Nel 1999, Il Sesto Senso ha trasformato M. Night Shyamalan da regista emergente a fenomeno globale. Il film non solo ha conquistato pubblico e critica, ma ha dato il via a una vera e propria firma autoriale, quel cosiddetto Shyamalan twist che sarebbe poi diventato sinonimo del suo cinema: un colpo di scena finale, costruito con sapienza e disseminato di indizi nascosti in piena vista, che costringe lo spettatore a rileggere l’intero film sotto una nuova luce.
Il Sesto Senso fu un successo enorme, candidato a sei premi Oscar tra cui Miglior film, Miglior regia e Miglior sceneggiatura originale — un traguardo inusuale per un thriller soprannaturale. Al centro della storia c’è un bambino tormentato (Haley Joel Osment), un uomo segnato dal passato (Bruce Willis) e una battuta entrata nella storia del cinema: «Vedo la gente morta». Ma ciò che lo ha reso immortale è la rivelazione finale: il dottor Malcolm Crowe, lo psicologo che cerca di aiutare il piccolo Cole, è in realtà morto fin dall’inizio. Per decenni si è parlato di quanto abilmente Shyamalan sia riuscito a nascondere questo colpo di scena al pubblico. Eppure, un’analisi più attenta suggerisce il contrario: il regista non lo ha mai nascosto davvero, anzi, l’ha rivelato nei primissimi minuti del film. Solo che nessuno o quasi se n’è accorto.
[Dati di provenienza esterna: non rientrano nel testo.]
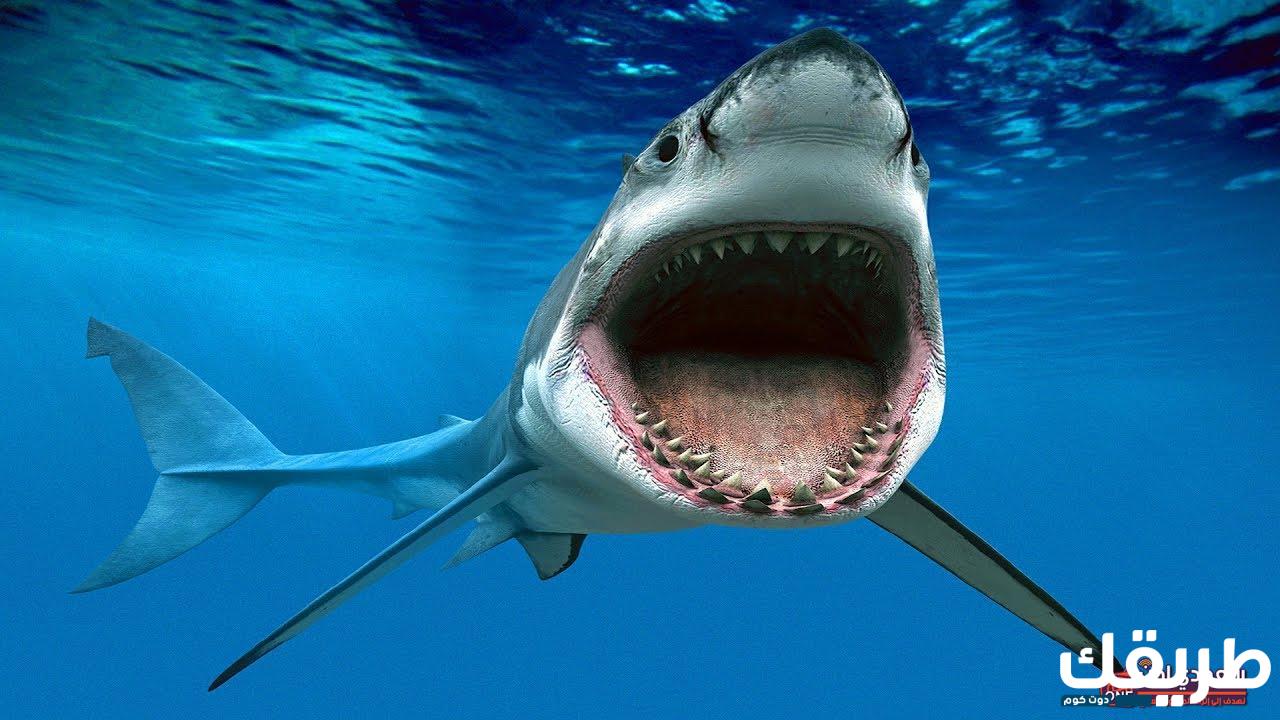 تفسير حلم سمك القرش في المنام 2 سمك القرش في المنام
Il dettaglio chiave è nella scena iniziale, quando Malcolm viene colpito da un ex paziente disturbato. Dopo lo sparo, vediamo il volto scioccato del personaggio, la moglie Anna che si china su di lui… e poi tutto svanisce nel buio. Nessun rumore, nessuna ambulanza, nessuna corsa disperata al pronto soccorso. Solo silenzio. Poi il titolo e un salto temporale. Nel linguaggio del cinema, un evento traumatico come una sparatoria porta sempre con sé un “dopo”: voci concitate, panico, soccorsi. Qui invece il film omette tutto, non per scelta estetica, ma come vero e proprio indizio narrativo. Shyamalan non mente: ci dice subito che Malcolm è morto. Ma lo fa sfruttando le nostre aspettative: siamo abituati a pensare che la verità arrivi alla fine, non all’inizio. Così, la omettiamo insieme a lui.
Il resto del film gioca su questo equilibrio tra ciò che vediamo e ciò che scegliamo di credere. Shyamalan isola spesso Malcolm, nessuno lo guarda mai negli occhi tranne Cole, e la moglie non gli rivolge parola. Ma il nostro cervello trova spiegazioni emotive — distanza, dolore, crisi matrimoniale — per non affrontare quella più semplice: è un fantasma. Un inganno perfetto, perché non nasconde la verità, ma sfrutta il modo in cui interpretiamo le immagini. È una lezione di cinema che ancora oggi, a 26 anni di distanza, lascia il segno. E rivedere Il Sesto Senso con questa consapevolezza rende ogni scena ancora più brillante.